Records for the exercise:
▼

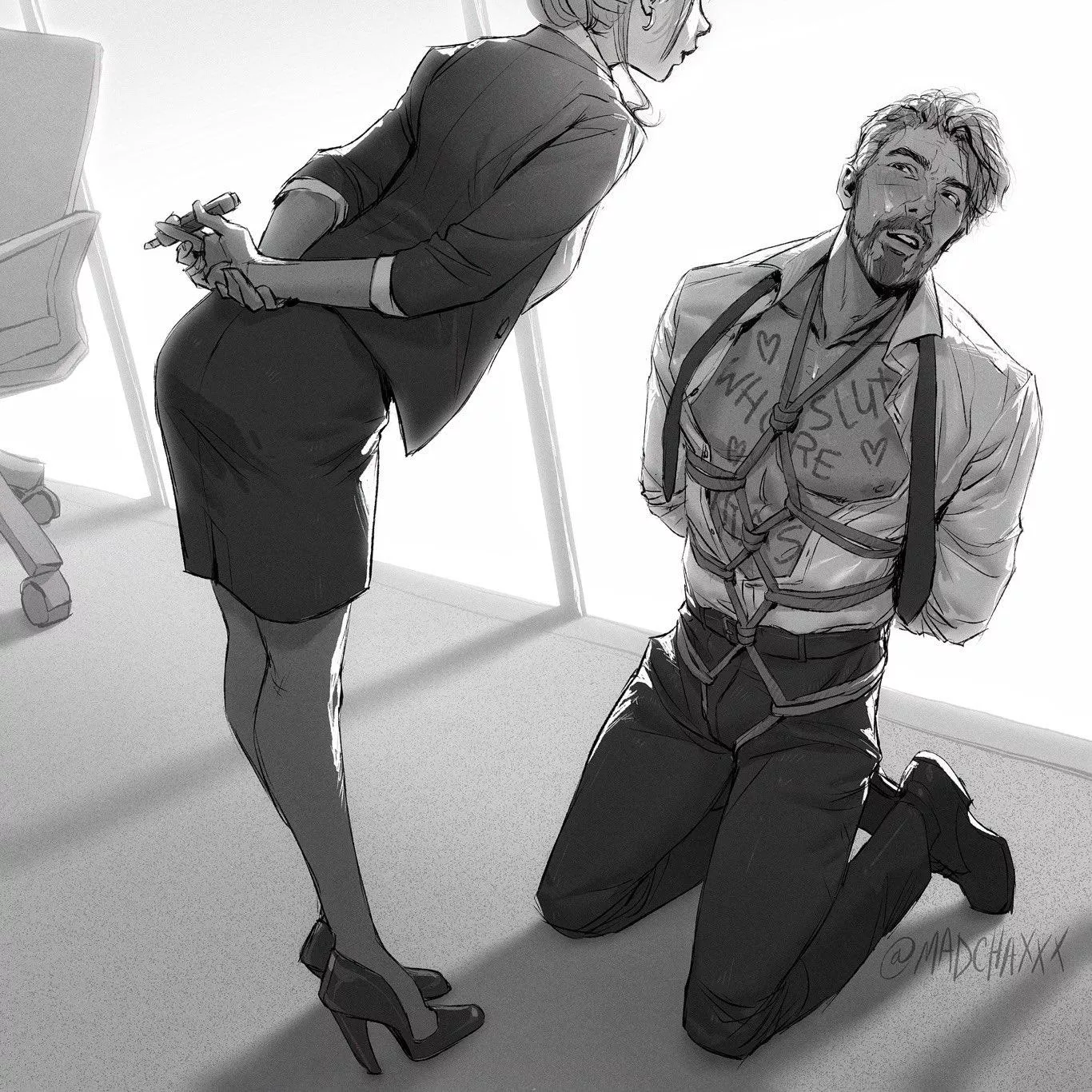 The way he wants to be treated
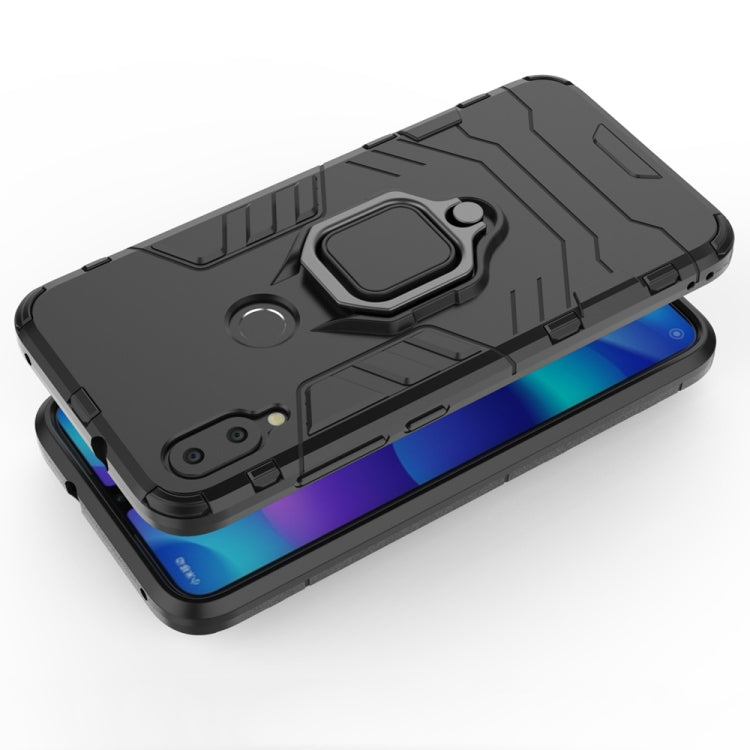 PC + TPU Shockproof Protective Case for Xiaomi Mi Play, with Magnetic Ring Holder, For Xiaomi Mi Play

▲
▼

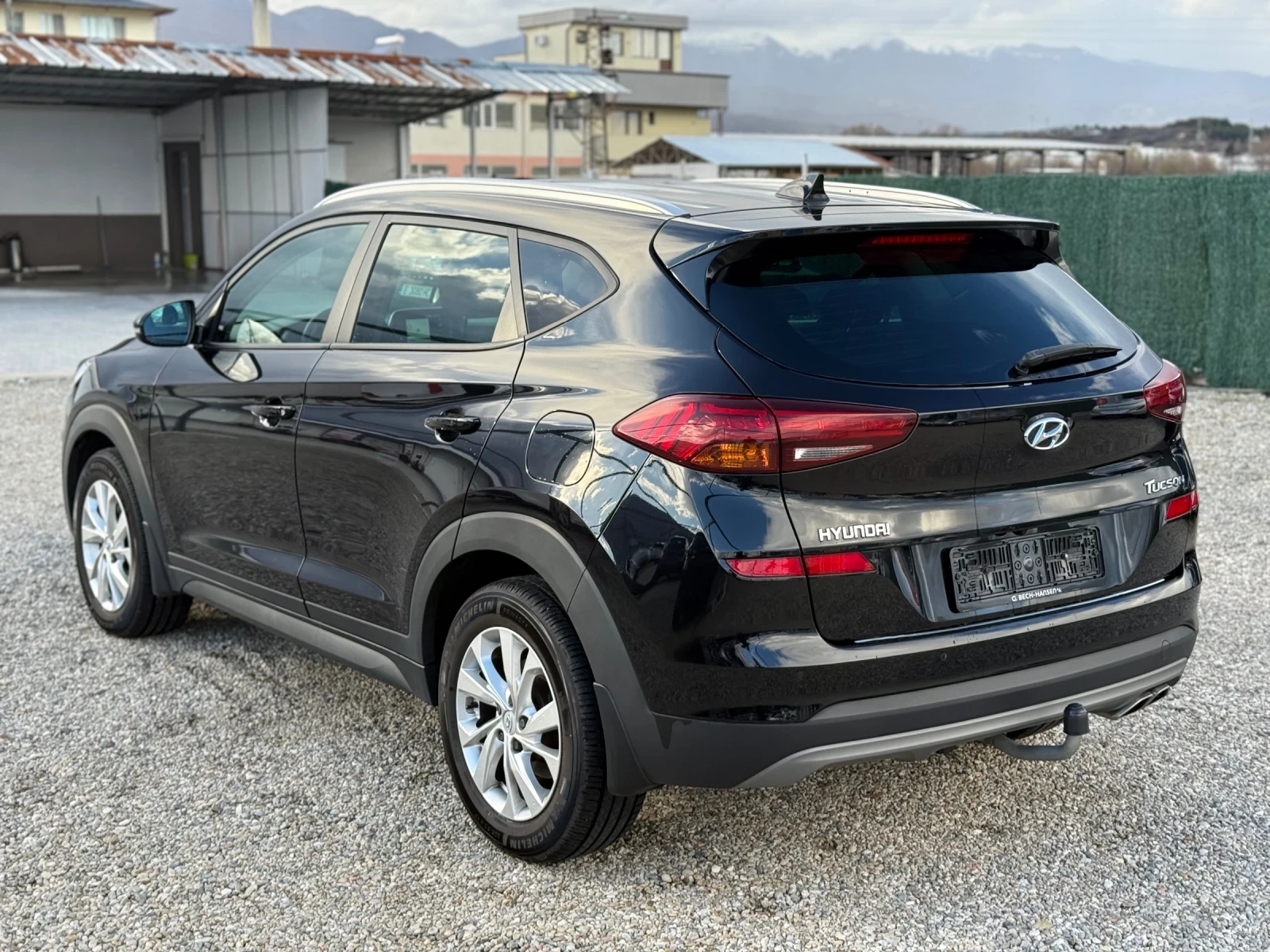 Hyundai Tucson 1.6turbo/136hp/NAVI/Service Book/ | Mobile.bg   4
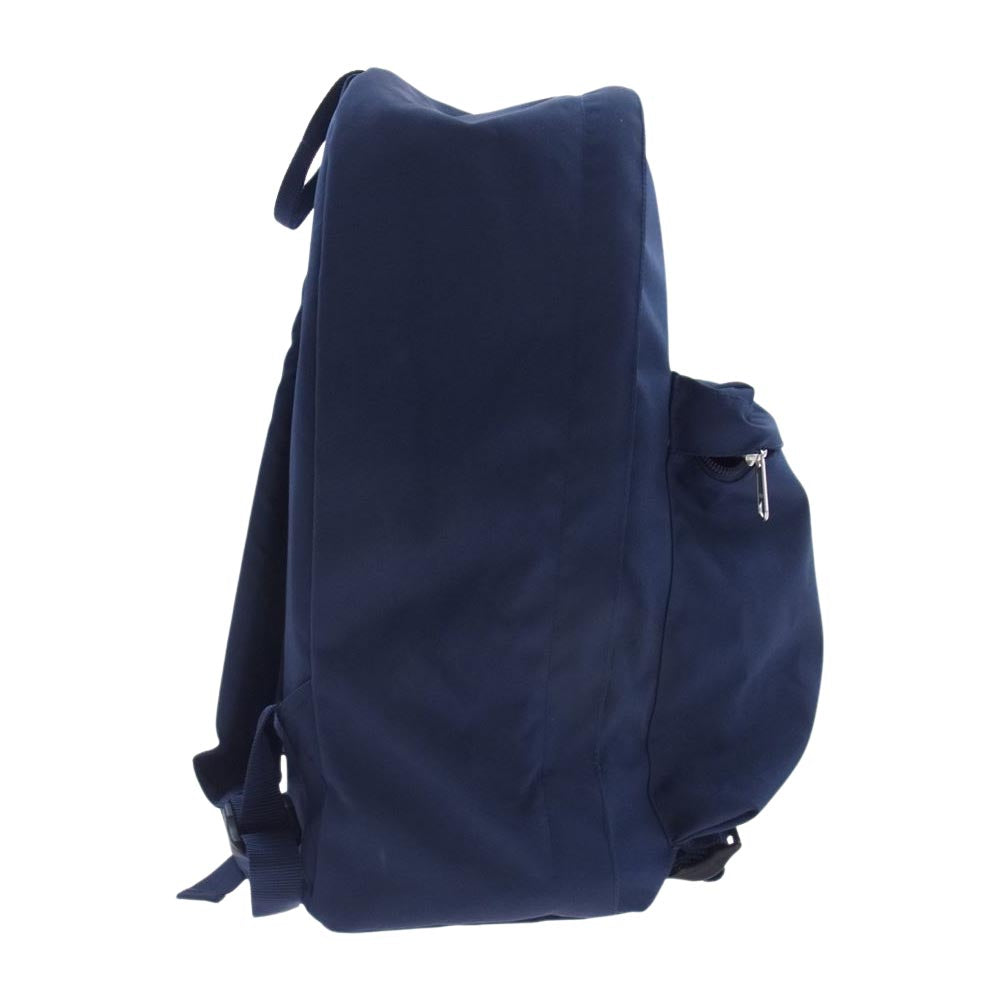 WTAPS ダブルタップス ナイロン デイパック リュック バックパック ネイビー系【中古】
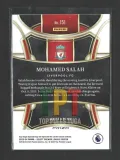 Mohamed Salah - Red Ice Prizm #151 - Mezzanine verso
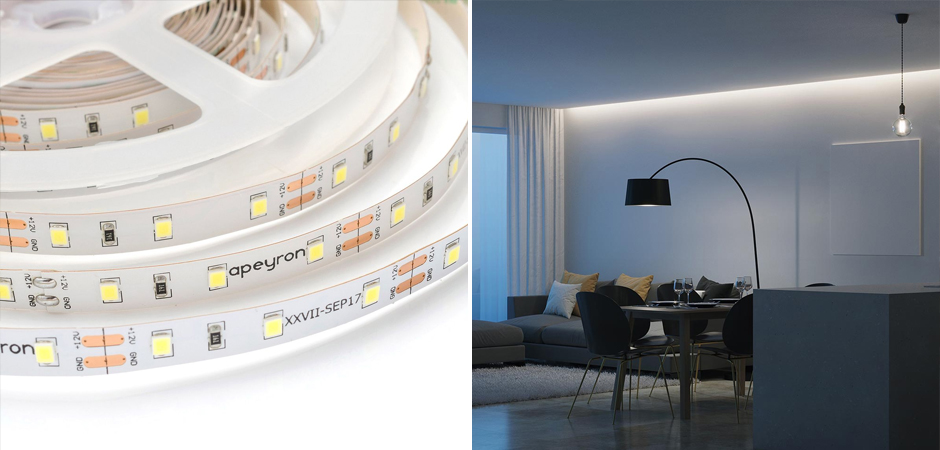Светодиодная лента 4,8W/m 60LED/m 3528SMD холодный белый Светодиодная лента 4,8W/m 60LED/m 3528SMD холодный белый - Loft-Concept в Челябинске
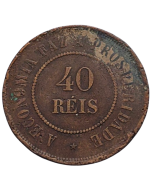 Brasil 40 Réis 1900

▲
▼

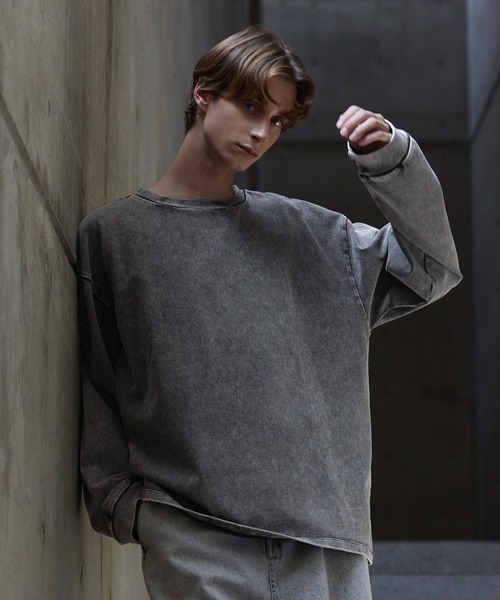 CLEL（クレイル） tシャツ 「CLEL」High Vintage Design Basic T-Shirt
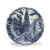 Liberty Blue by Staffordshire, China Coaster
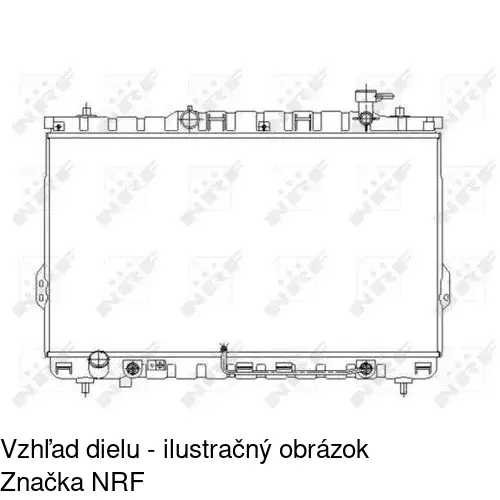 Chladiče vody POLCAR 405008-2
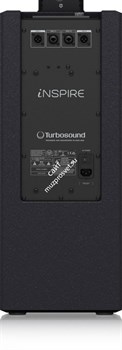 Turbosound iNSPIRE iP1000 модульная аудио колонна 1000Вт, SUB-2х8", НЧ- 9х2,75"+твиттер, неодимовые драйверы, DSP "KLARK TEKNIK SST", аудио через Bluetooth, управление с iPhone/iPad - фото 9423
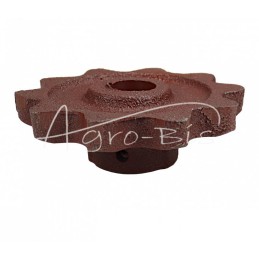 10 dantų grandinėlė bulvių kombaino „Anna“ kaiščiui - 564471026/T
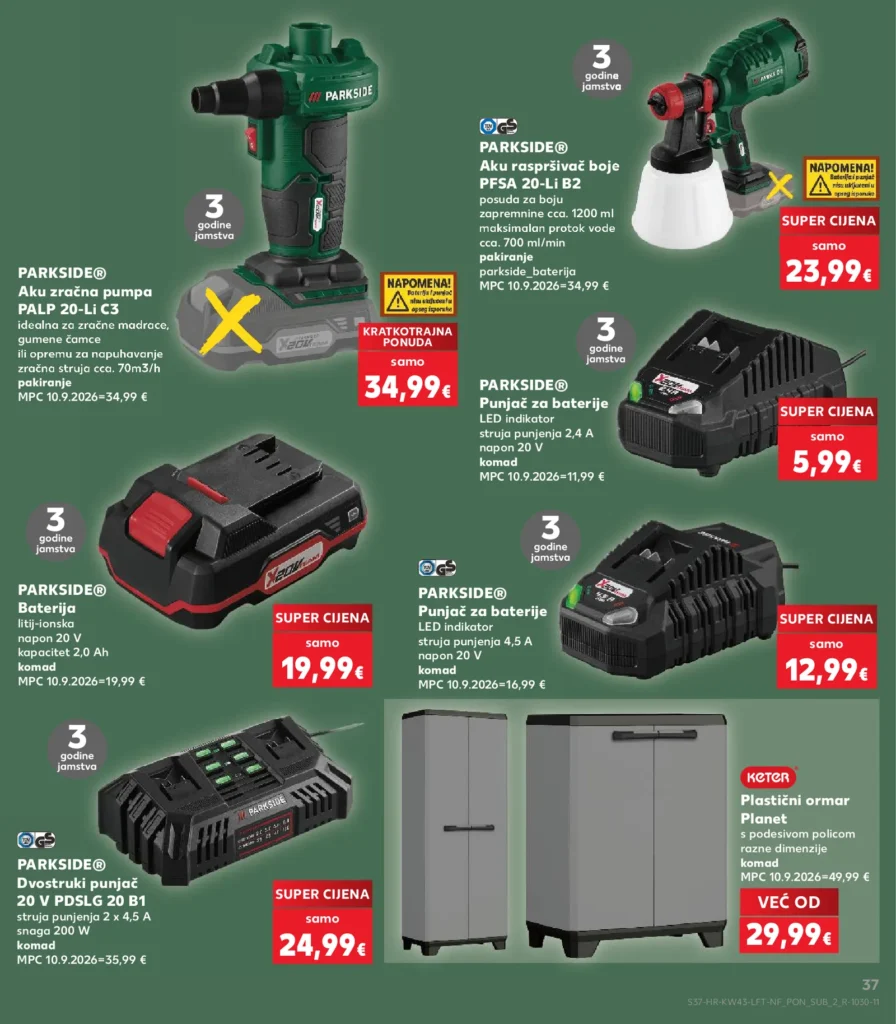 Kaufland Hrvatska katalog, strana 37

▲

Reproduce, word for word, everything in the listing above from the line containing "Loft-Concept в Челябинске" down to the line containing "Brasil 40 Réis 1900", both of them included. No pictures.

Светодиодная лента 4,8W/m 60LED/m 3528SMD холодный белый Светодиодная лента 4,8W/m 60LED/m 3528SMD холодный белый - Loft-Concept в Челябинске
 Brasil 40 Réis 1900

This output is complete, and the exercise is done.